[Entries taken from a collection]
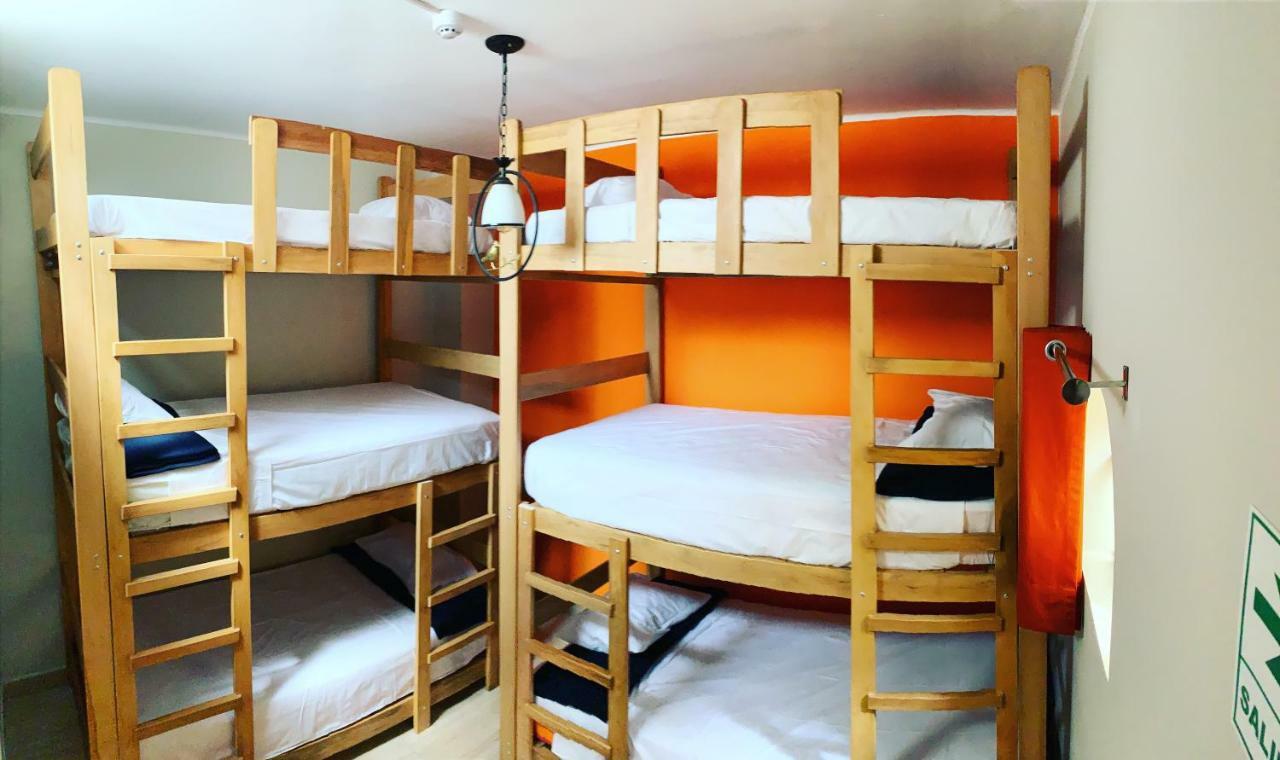 Eco Wasi Backpackers * Lima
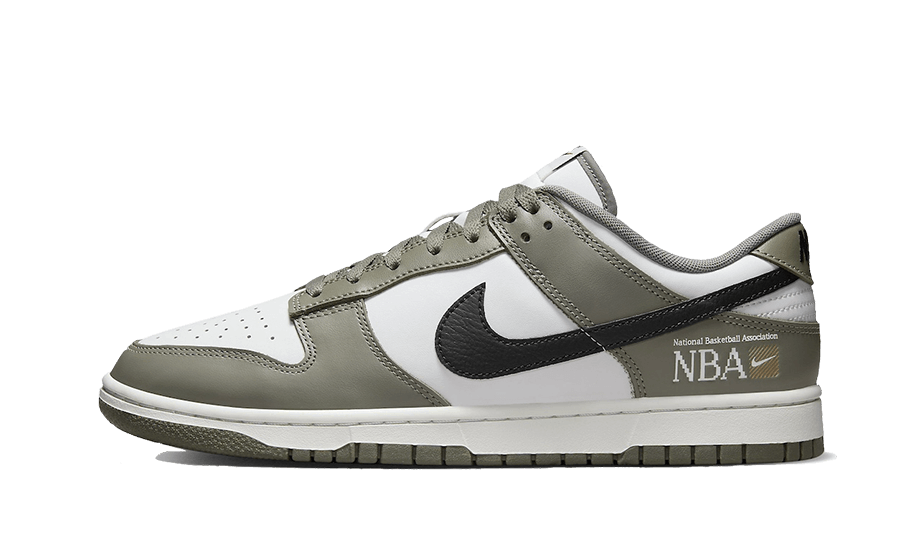 Nike Nike Dunk Low NBA Paris - FZ4624-001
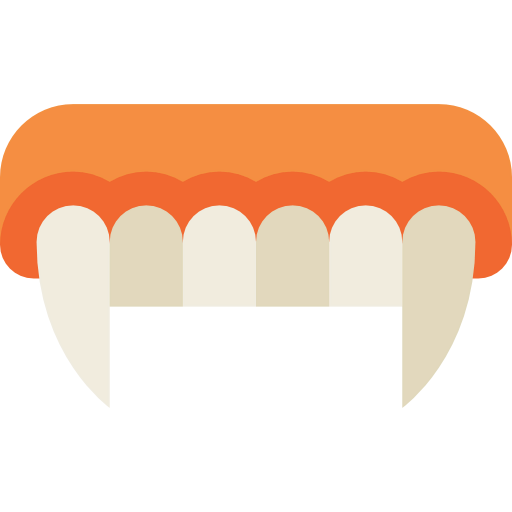 Fangs icon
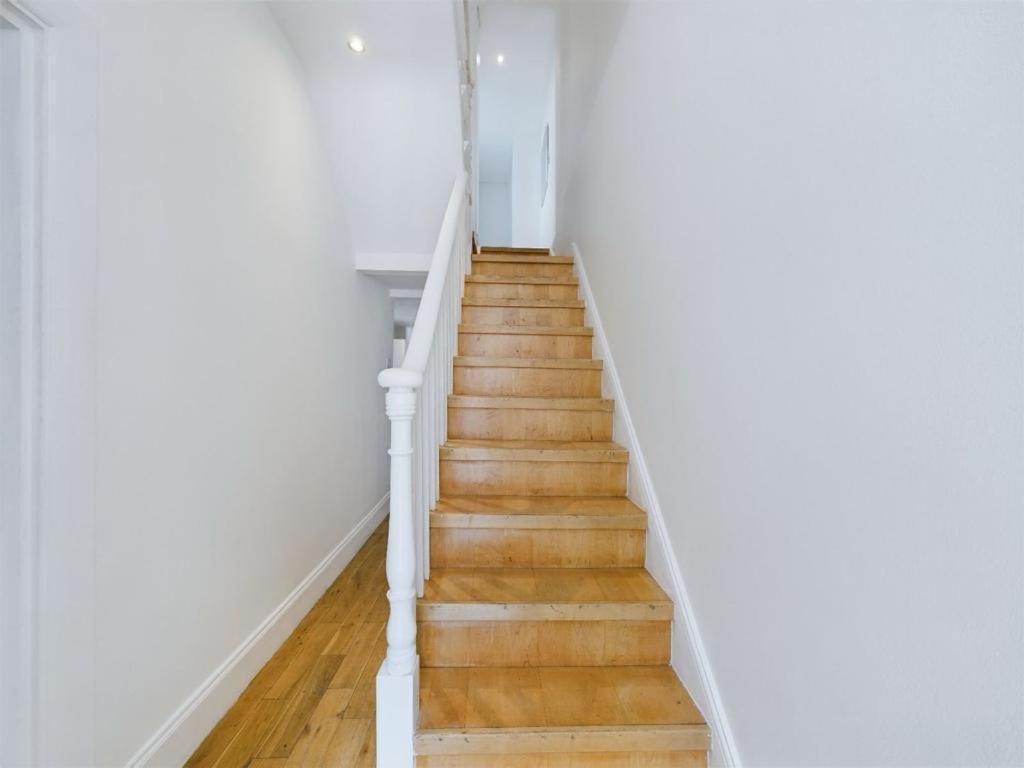Luxury 4-Bedroom Modern Flat In Central London Steps From Station, Sleeps 9 In Style! Cameră foto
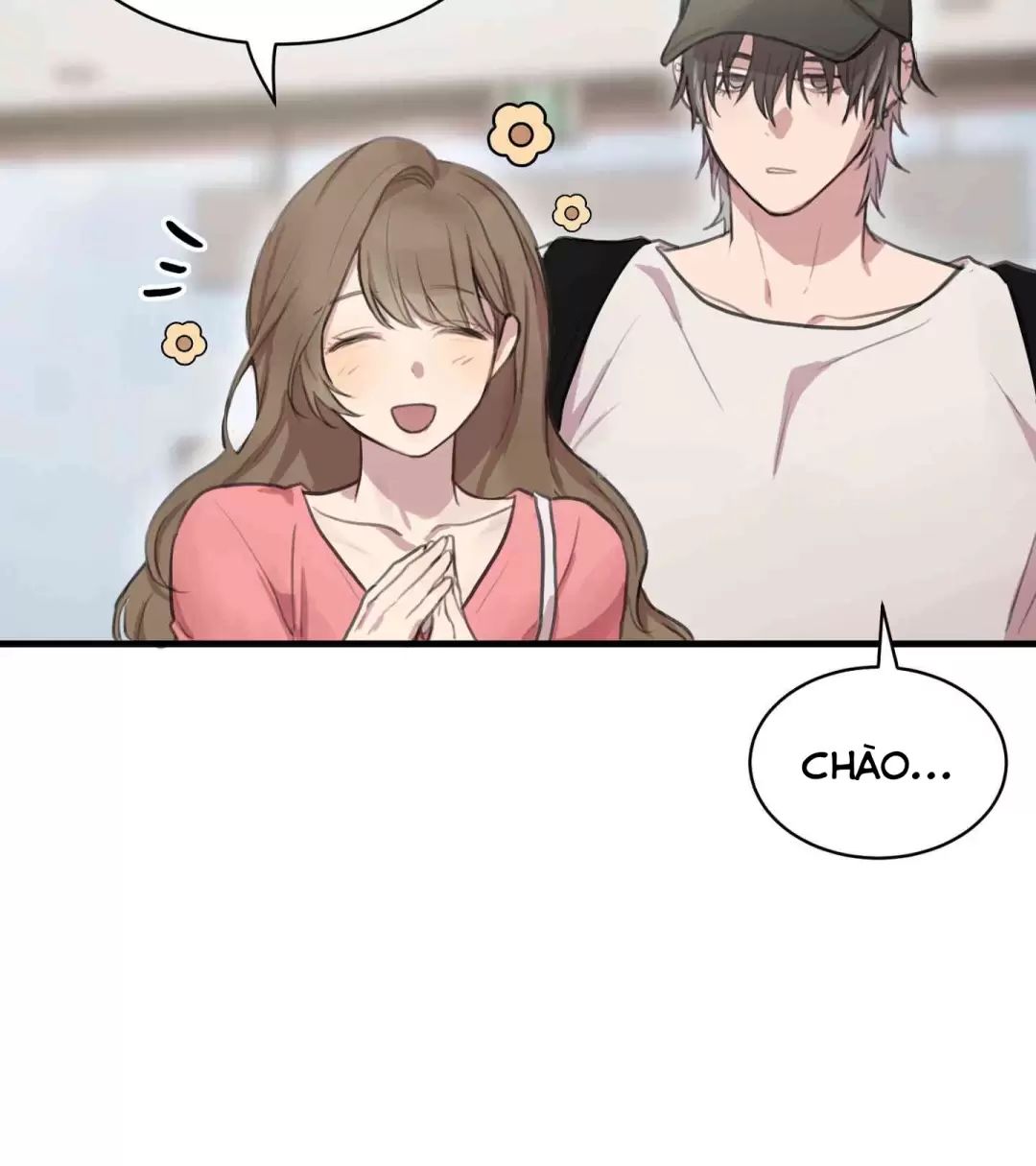 Tin Nhắn Từ Thần Cupid Xui Xẻo Chap 5 - Next Chap 6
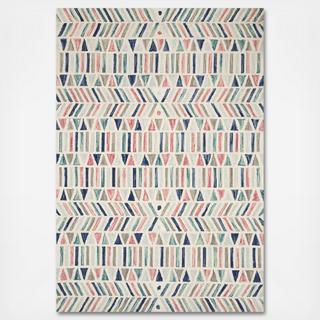 Hallu x Justina Blakeney Mesmerize Rug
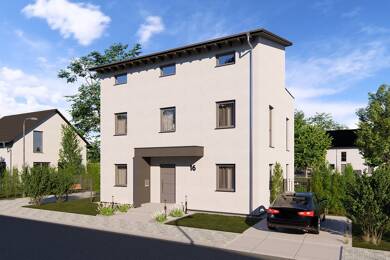 Haus zum Kauf provisionsfrei 667.000 € 6 Zimmer 266,6 m² 524 m² Grundstück Schwaig Schwaig bei Nürnberg 90571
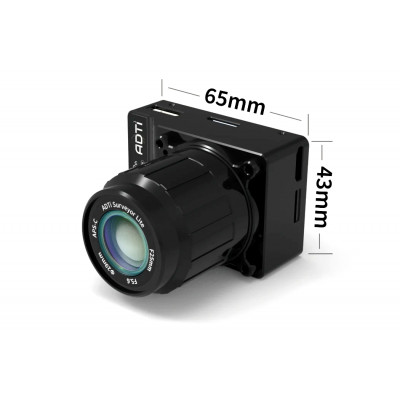 Камера ADTi Surveyor Lite 2 26MP 25mm в алюмінієвому корпусі - изображение 4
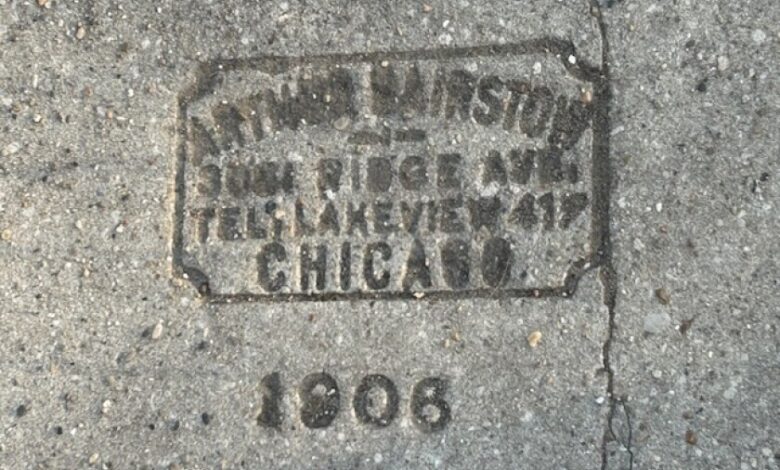 Standing on history: Who built Chicago’s WPA sidewalks?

▶ _Work required_:
In the transcription, every picture is to be excluded and the records above given again exactly.

▶ _Response_:
 Eco Wasi Backpackers * Lima
 Nike Nike Dunk Low NBA Paris - FZ4624-001
 Fangs icon
Luxury 4-Bedroom Modern Flat In Central London Steps From Station, Sleeps 9 In Style! Cameră foto
 Tin Nhắn Từ Thần Cupid Xui Xẻo Chap 5 - Next Chap 6
 Hallu x Justina Blakeney Mesmerize Rug
 Haus zum Kauf provisionsfrei 667.000 € 6 Zimmer 266,6 m² 524 m² Grundstück Schwaig Schwaig bei Nürnberg 90571
 Камера ADTi Surveyor Lite 2 26MP 25mm в алюмінієвому корпусі - изображение 4
 Standing on history: Who built Chicago’s WPA sidewalks?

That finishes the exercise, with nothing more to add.